Other recommendations include having stewards investigate the transfer of horses and perhaps interviewing the “new” trainer; analyzing records of horses that ship in from other tracks or may be based at private training centers; and using information regularly gleaned by regulatory licensing staff at each racetrack.

ROAP coordinator Cathy O’Meara said other points of emphasis for racing officials in 2015 include learning about and interacting with other industry initiatives; licensing of those that participate in horse racing; a review of rule violations; examination of catastrophic injuries; and the publishing of detailed stewards’ rulings.

Also on the first day of the two-day conference at the White Clay Country Club on the grounds of Delaware Park, racing investigators and stewards discussed two issues of growing concern: the possession of weapons in racetrack barn areas and public incidents involving violence among stakeholders.

Michael Delaney, a retired Thoroughbred Racing Protective Bureau investigator who now assists the Delaware Thoroughbred Racing Commission during live meets at Delaware Park, said in 2014 there were three cases involving possession of weapons on the backstretch. The state police were called in but took limited action because no warrants had been served.

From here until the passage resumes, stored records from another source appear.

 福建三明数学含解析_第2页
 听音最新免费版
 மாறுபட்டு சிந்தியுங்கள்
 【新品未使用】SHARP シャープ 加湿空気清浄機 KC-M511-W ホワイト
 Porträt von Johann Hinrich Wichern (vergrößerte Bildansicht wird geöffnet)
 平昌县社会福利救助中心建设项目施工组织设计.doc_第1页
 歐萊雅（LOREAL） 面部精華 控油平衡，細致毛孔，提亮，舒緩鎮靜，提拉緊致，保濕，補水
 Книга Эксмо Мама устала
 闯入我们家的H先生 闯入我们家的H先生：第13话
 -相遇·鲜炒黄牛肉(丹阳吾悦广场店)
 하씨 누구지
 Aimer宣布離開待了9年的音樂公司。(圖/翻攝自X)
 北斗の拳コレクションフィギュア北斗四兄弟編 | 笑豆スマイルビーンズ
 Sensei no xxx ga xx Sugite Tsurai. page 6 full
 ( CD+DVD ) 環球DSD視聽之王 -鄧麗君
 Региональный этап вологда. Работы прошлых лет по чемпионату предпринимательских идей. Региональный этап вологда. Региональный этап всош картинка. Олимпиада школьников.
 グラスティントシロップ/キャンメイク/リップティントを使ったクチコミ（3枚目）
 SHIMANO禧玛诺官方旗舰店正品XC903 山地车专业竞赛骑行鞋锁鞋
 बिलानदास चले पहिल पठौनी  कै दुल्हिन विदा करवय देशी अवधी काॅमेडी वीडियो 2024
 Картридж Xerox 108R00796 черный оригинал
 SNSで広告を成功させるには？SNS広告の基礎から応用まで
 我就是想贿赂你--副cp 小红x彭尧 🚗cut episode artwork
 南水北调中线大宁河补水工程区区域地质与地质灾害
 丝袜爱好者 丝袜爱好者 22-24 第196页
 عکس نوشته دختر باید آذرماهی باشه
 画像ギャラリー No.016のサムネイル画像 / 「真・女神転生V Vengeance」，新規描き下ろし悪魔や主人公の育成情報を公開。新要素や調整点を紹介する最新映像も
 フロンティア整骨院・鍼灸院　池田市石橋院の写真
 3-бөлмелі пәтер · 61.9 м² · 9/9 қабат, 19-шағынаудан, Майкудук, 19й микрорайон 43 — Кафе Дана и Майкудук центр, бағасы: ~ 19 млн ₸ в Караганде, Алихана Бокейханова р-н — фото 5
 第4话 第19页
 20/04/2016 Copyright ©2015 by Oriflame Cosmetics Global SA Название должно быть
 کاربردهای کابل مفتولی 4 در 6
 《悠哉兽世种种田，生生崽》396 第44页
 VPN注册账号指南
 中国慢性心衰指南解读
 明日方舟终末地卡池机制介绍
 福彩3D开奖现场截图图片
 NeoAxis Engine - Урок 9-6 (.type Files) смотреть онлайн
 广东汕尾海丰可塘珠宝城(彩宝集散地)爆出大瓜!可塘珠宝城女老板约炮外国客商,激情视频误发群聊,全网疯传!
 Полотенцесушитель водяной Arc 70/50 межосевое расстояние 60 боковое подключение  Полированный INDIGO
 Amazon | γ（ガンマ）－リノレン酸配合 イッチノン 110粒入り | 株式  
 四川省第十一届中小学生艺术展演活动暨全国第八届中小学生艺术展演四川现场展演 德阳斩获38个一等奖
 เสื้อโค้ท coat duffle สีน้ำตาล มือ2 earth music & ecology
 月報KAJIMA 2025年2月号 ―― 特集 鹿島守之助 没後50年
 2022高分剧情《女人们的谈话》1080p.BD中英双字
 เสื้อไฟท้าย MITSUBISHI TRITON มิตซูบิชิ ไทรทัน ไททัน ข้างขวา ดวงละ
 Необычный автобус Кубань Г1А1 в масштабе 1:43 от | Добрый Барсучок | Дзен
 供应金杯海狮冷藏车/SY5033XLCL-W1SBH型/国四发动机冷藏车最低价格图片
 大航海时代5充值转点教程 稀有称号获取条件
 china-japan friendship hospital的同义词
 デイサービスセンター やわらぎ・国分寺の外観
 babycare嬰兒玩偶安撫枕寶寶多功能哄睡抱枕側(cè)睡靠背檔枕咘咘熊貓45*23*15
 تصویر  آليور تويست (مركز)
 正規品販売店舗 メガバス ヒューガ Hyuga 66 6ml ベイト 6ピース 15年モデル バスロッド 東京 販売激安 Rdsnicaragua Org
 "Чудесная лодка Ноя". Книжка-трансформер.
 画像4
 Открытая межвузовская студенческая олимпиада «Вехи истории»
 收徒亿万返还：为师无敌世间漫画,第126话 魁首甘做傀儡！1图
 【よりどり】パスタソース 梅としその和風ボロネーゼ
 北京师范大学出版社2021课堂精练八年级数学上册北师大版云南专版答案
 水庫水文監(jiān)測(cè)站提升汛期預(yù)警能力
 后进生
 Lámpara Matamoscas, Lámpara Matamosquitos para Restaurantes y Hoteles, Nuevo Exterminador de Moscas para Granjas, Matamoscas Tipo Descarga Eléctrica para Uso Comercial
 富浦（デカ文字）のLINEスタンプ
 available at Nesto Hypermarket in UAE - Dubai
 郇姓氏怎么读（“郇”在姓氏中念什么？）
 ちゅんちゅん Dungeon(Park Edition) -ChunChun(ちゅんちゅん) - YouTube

“This is a disturbing thing we as investigators are finding at racetracks,” Delaney said. “Last summer marked a step toward what I would consider a dangerous environment. I know weapons have been around for a long time, but this isn’t about the trainer who leaves a weapon in the glove box for self-protection. We have people involved in (drug) transactions, and weapons are being used a means to complete those transactions.”

In one of the cases at Delaware Park last year in which a stable employee allegedly pulled a gun on other stable employees while drinking after the races, the weapon wasn’t found but a bill of sale for a 380 automatic was confiscated. In another case, a nine millimeter semi-automatic was found in a sock in a groom’s quarters; the gun was seized and the groom was fined $500.

Delaney suggested the most effective means to curtail such behavior is exclusion from racetrack grounds by the owner of the property. He also said any racetrack that provides on-site housing in its barn area should be aware of what happened in Delaware.

“If you provide housing, you almost certainly have the same problem,” Delaney said. “If you haven’t seen it, you probably haven’t looked for it.”

G. Jack Houghton, chief steward for the DTRC at Delaware Park, said stewards frequently hear about reports of threats made on other people, as well as reports of fights. In a high-profile case last year at Delaware Park, trainer Juan Vazquez was arrested and charged with assault after an altercation with jockey Trevor McCarthy near the winner’s circle in full view of the public.

“It happens all the time with jockeys, but usually in the jockeys’ room,” Houghton said. “It’s the stuff now happening in public that we’re trying to eliminate. People will say, ‘I didn’t come here to watch a boxing match, I came here to watch horse racing.’ I’ve seen a lot of changes in the business, not all for the best. It seems like there is a lot more fighting these days.”

“The stewards took a lot of heat over the Juan Vazquez incident, but we can’t encourage people to take their anger out on someone,” said John Wayne, executive director of the DTRC. “When people do this in public, it gives horse racing a black eye.”